A Honra do Rico é a sua Toalha

António Justo

Ricos mentem mais e têm menos consideração por outros, ensina o preconceito e confirma uma investigação.

Segundo uma investigação levada a efeito nos USA a riqueza atrai a violação da lei.

Nos USA condutores com carros de prestígio são considerados como impiedosos e atrevidos. Um estudo feito veio comprovar que isso corresponde à realidade. Pessoas ricas em autos ricos transgridem mais as leis do que pessoas com carros médios ou pequenos. Os cientistas da Universidade da Califórnia (Berkeley/US-Staat K.) chegaram também à conclusão que membros da camada social superior mentem mais que membros da camada social inferior. A ganância, para os mais ricos testados, não constituía, duma maneira geral, problema moral. Nas elites é prevalente a concretização dos próprios interesses. Naturalmente que não se pode generalizar porque também nas camadas superiores há muito boa gente que se orienta por fins superiores.

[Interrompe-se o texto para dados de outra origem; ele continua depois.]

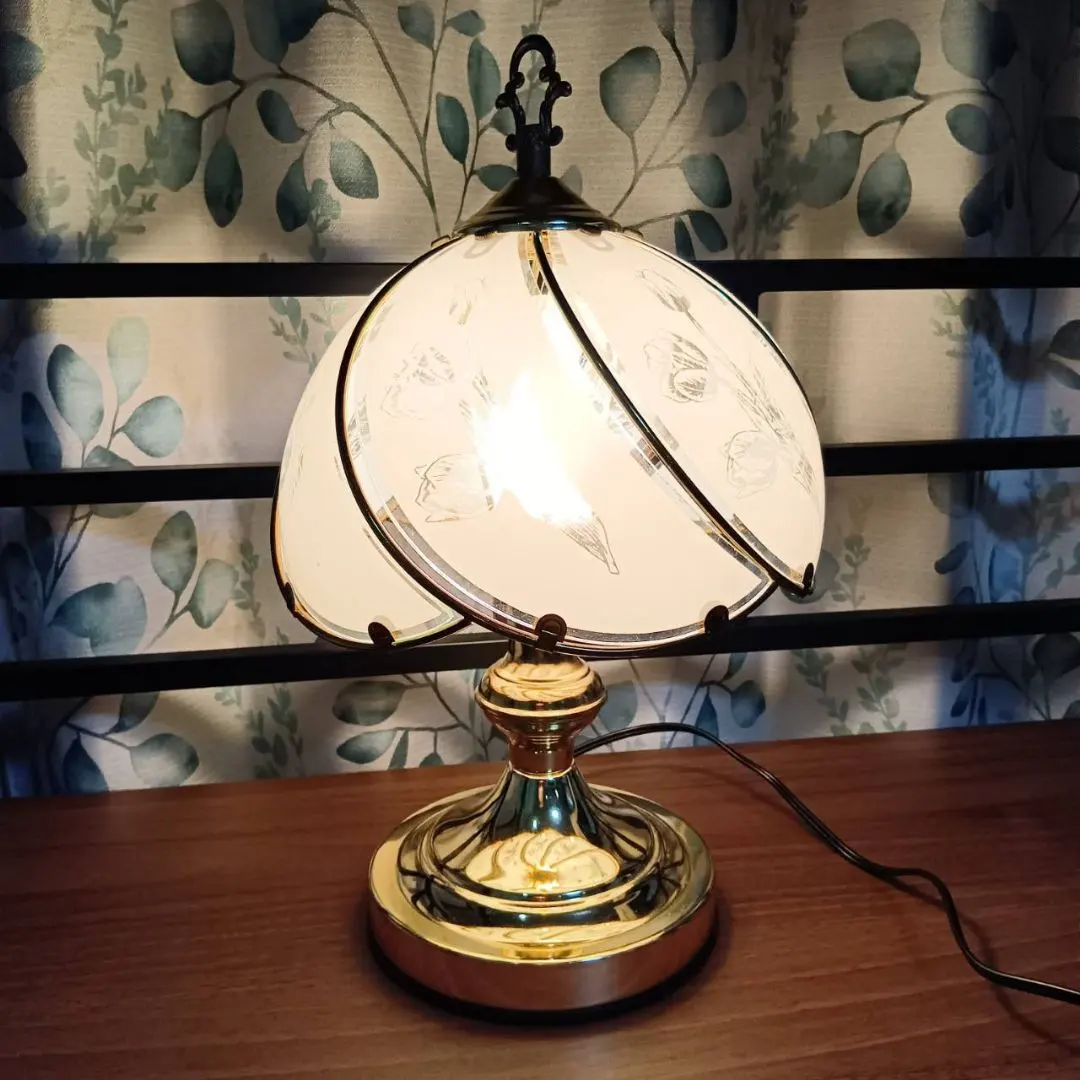 2026年最新】照明 レトロ チューリップの人気アイテム - メルカリ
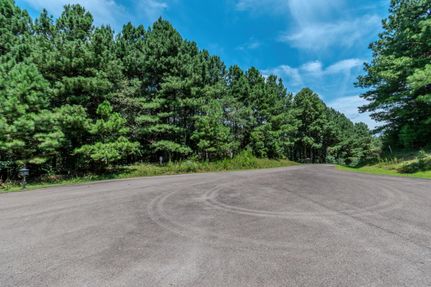 Property for sale in Gilmer County, Georgia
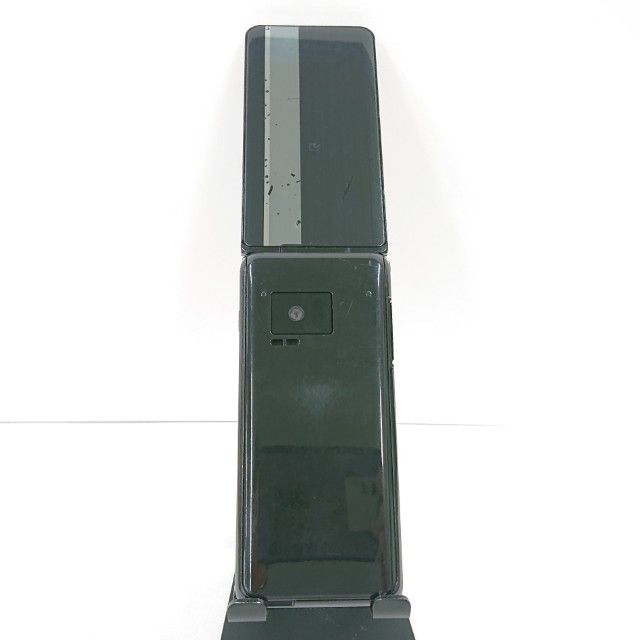 P-smart �������� P-01J �ɥ��� �֥�å� c20792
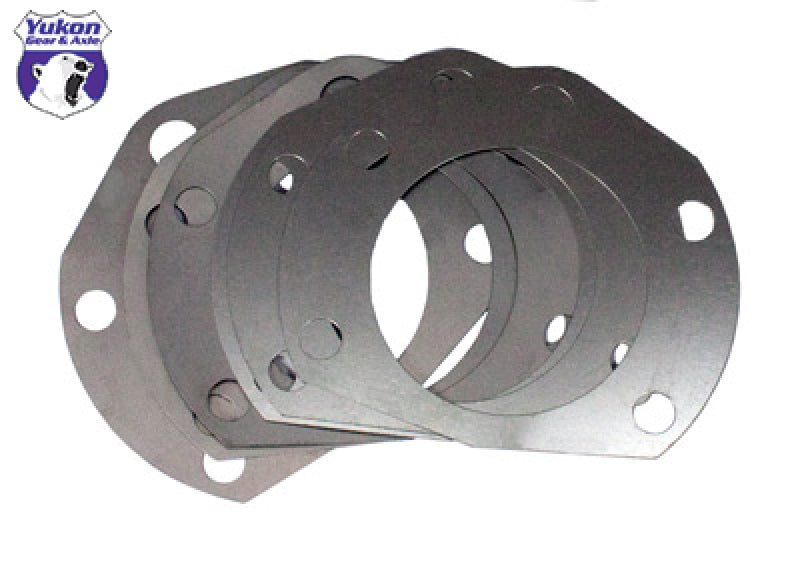Yukon Gear SK M20-5 Model 20 Axle End Play Shim
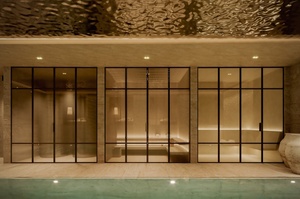 Mallorca_apartment for sale_Palma_luxus_23.jpeg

Ricos não têm consideração por muitas regras porque sabem que não sofrem as consequências directamente no pelo, porque partem do princípio que o dinheiro pode comprar quase tudo. O preconceito de que os ricos não tomam a sério a moral é apoiado por esta investigação. Não é fácil manter o equilíbrio entre os próprios interesses e os da comunidade.

Na nossa sociedade contorna-se a moral com muita facilidade. A usura praticada por especuladores da Bolsa (ordenados de banqueiros, de futebolistas e de muitos parasitas de empresas, Estado e instituições), fazendo o seu negócio com a insolvência de firmas e Estados à custa dos trabalhadores e dos cidadãos brada aos céus.

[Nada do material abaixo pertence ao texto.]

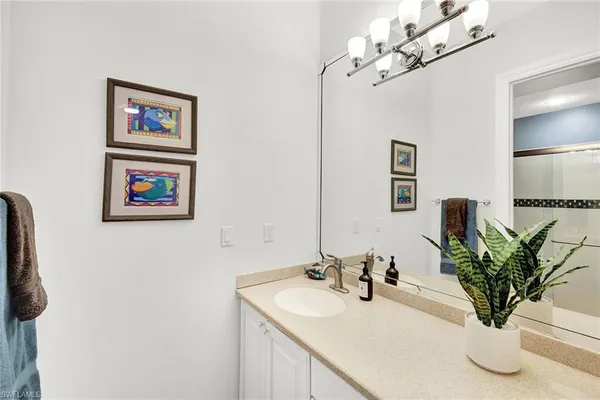 $1,115,000 | 3441 Lakemont Drive, Bonita Springs, FL 34134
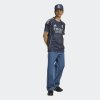 Pánský dres adidas REAL A JSY - foto 4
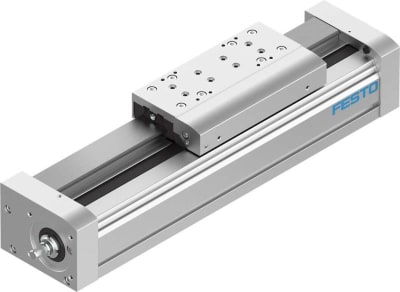 FESTO EGC-120-200-BS-10P-KF-0H-ML-GK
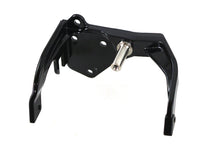 Load image into Gallery viewer, OE Brake Pedal Mount Black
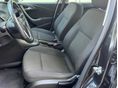 OPEL ASTRA J 2014/2 - 9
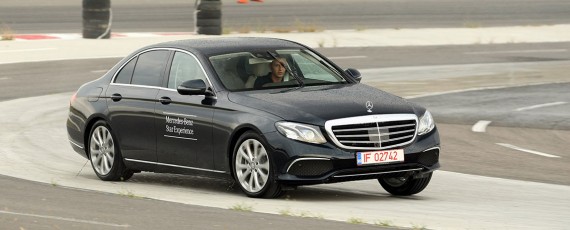 Mercedes-Benz Roadshow 2016 (11)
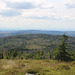 The Brocken, Germany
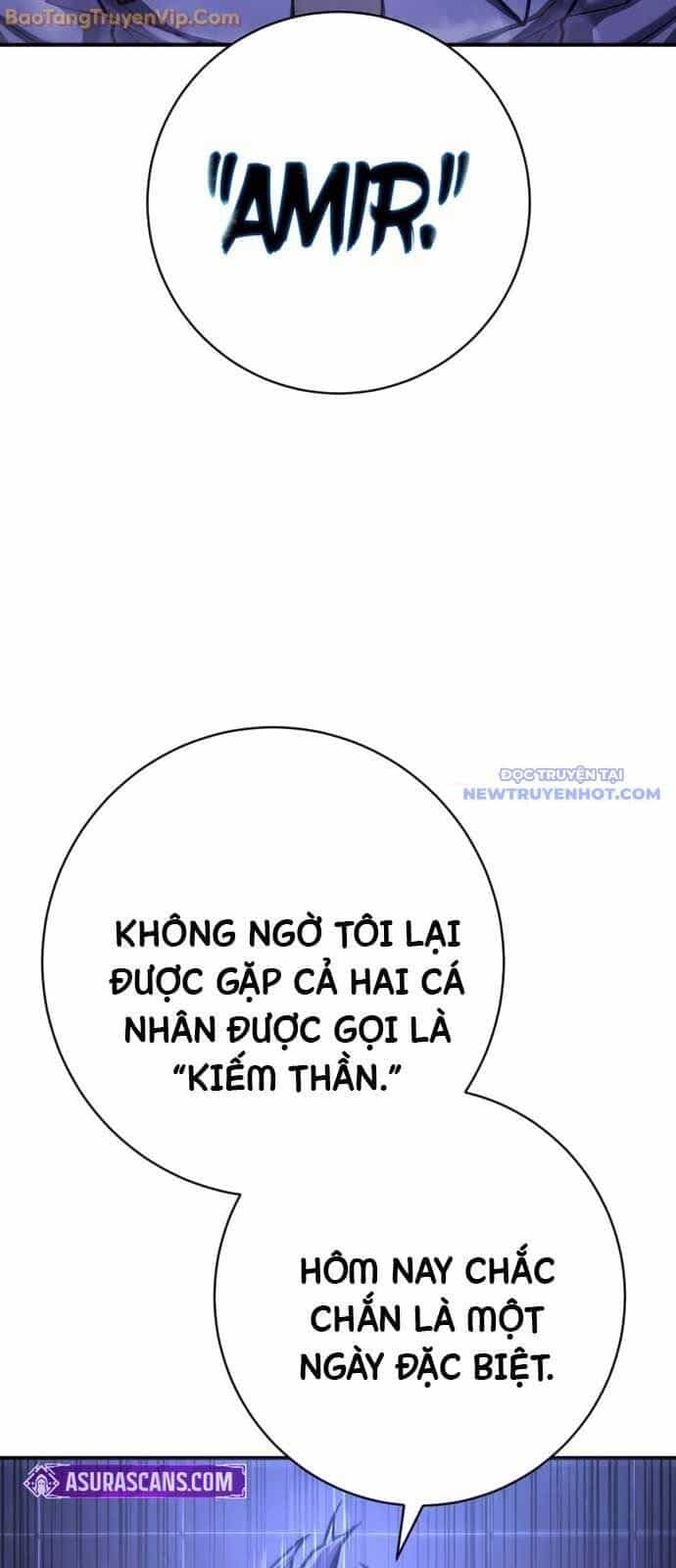 Đao Phủ - Chương 46 - ảnh 63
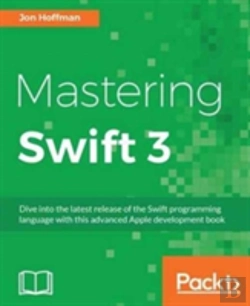 Bertrand.pt - Mastering Swift 3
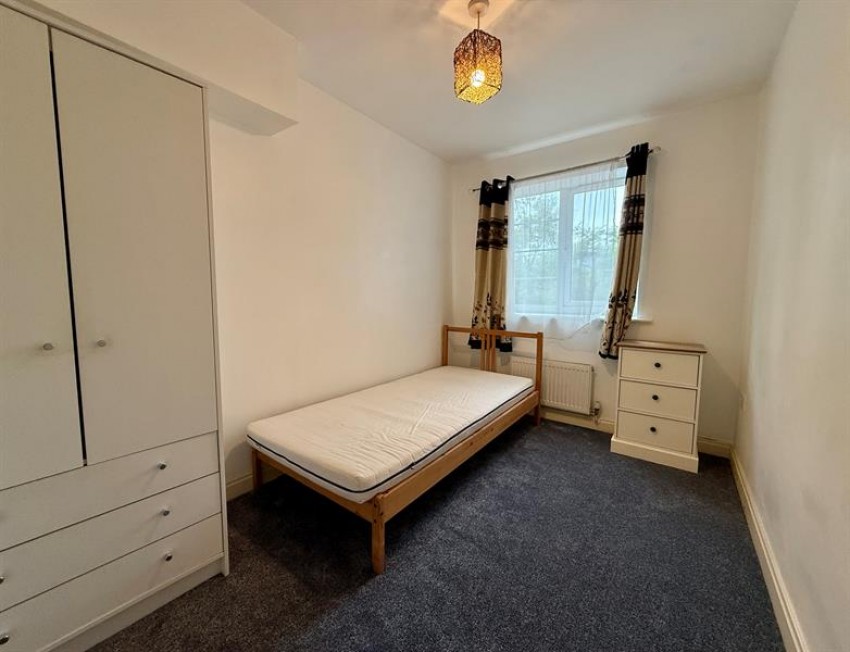Images for Hollyhedge Road, Manchester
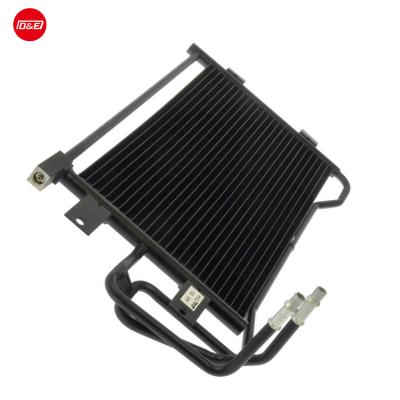 China Automotive Auto Cooling System Engine Transmission Oil Cooler 5290415AB For Dodge Ram 8.3L V10 PICKUP 1500 2005 2006 for sale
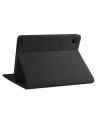 Hurtownia GSM - Etui Tech-Protect SmartCase Pen + Keyboard Samsung Galaxy Tab A9 X110 / X115 Černé - THP2533 - {ean13} - Hurt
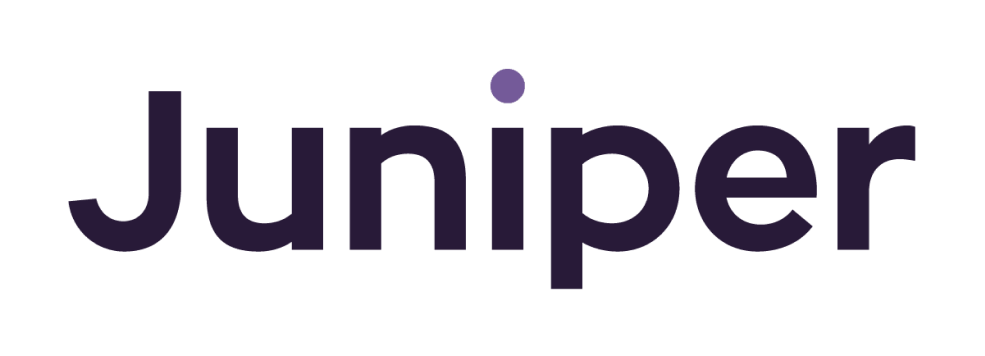 Juniper Education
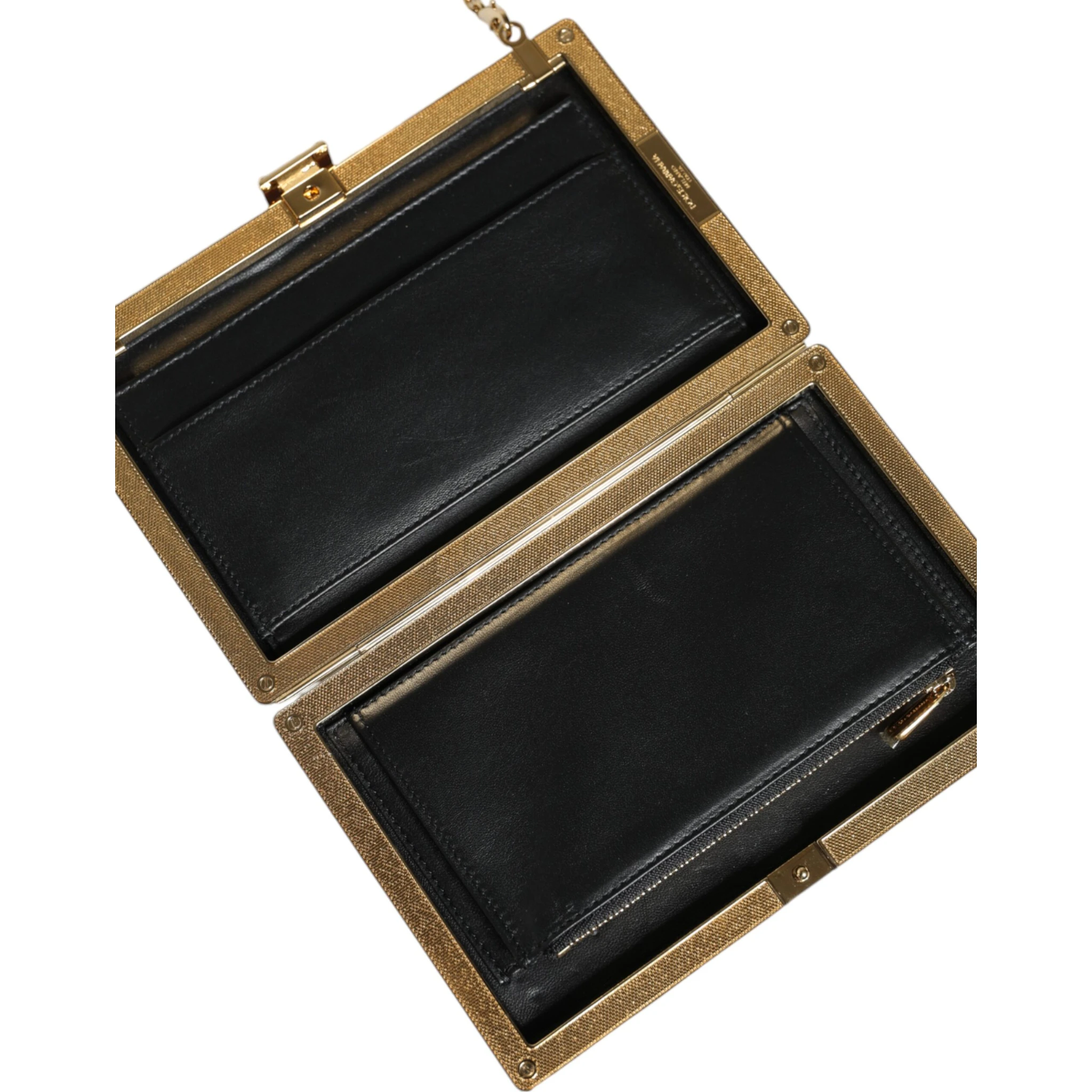 Maroon Leather Clutch Evening Crossbody Bag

Não se trata de condenar quem é rico mas de lembrar que riqueza implica sempre uma componente e um dever social. Se mandássemos fazer uma investigação sobre a proporção de pessoas do crime registado, certamente que as encontraríamos muito mais nas camadas baixas. Isto apenas revela a mobilizaç1bo da agressividade latente em cada pessoal desde que se encontre em determinada situação.

Com investigações poder-se-iam fomentar ainda mais preconceitos dado a virtude e o mal espreitam em cada humano. Há muita gente rica com consciência social. O problema está mais nos super-ricos, que afirmam o seu negócio com agressividade tal como acontece na condução na estrada. A honra do rico é a sua toalha mas o pobre não deve ser privado duma toalha honrada a que se possa limpar.

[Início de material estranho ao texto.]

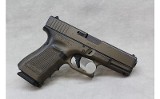 Glock 19 Gen 4 ~9mm Luger~ - Image 2 of 2
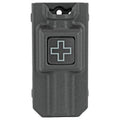 NAR RIGID GEN 7 C-A-T TQ CASE BLK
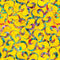 Bedazzled-Twists Yellow 2600-31127-S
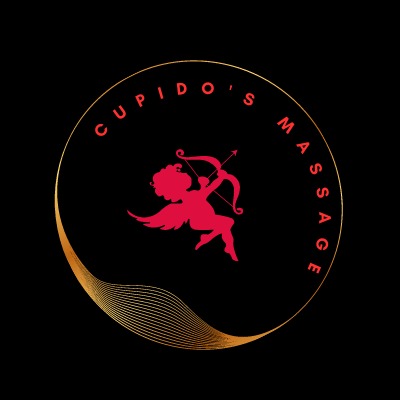 Escort Cupido Massage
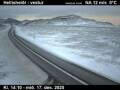 Webcam Hellisheiði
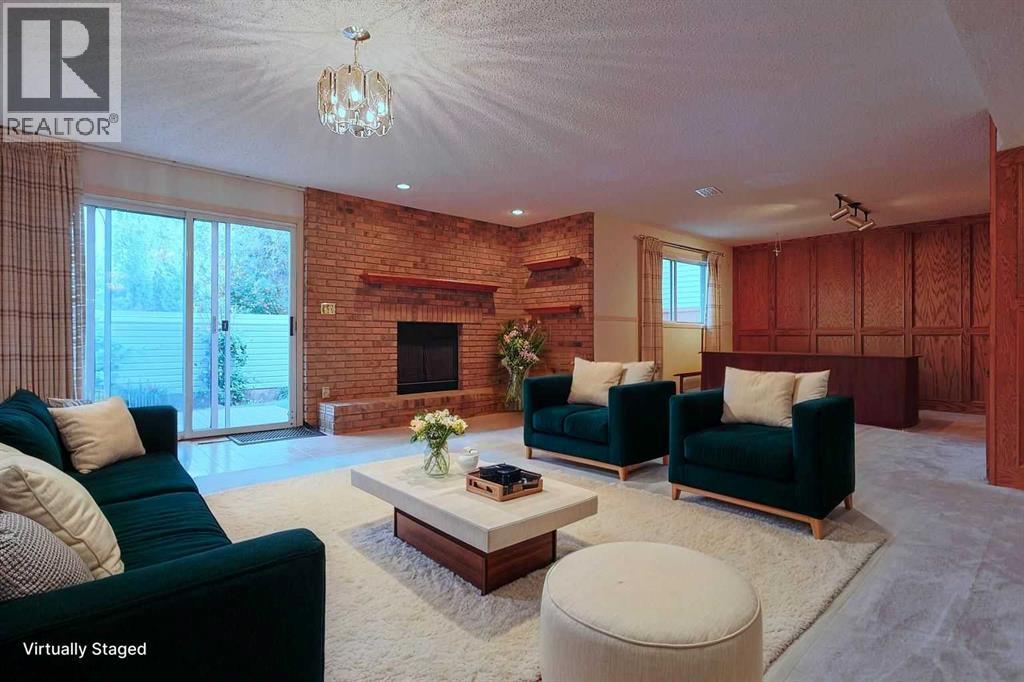Property at 116 Scenic Acres Drive NW image 3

Riqueza um Perigo ameaçador de Estados

Muitas vezes não se nota nos pequenos a sua corruptibilidade porque se limitam a pouca. A corrupção dos ricos usa uma medida e a dos pobres usa uma outra.

O que se possui deve provir, duma maneira geral, do próprio trabalho.

O Estado deveria intervir regulando a usura escandalosa. Quem ganha mais de 25 vezes do que o salário mínimo deveria ser condicionado a empregar o excedente em instituições de caracter cultural e social. Cada pessoa quer ser orgulhosa por algo, o que é legítimo. Uma igualdade de cemitério seria catastrófica como se demonstrou nos estados socialistas; uma desigualdade vistosa e imoral, como se observa no turbo-capitalismo destrói qualquer ética de coesão social.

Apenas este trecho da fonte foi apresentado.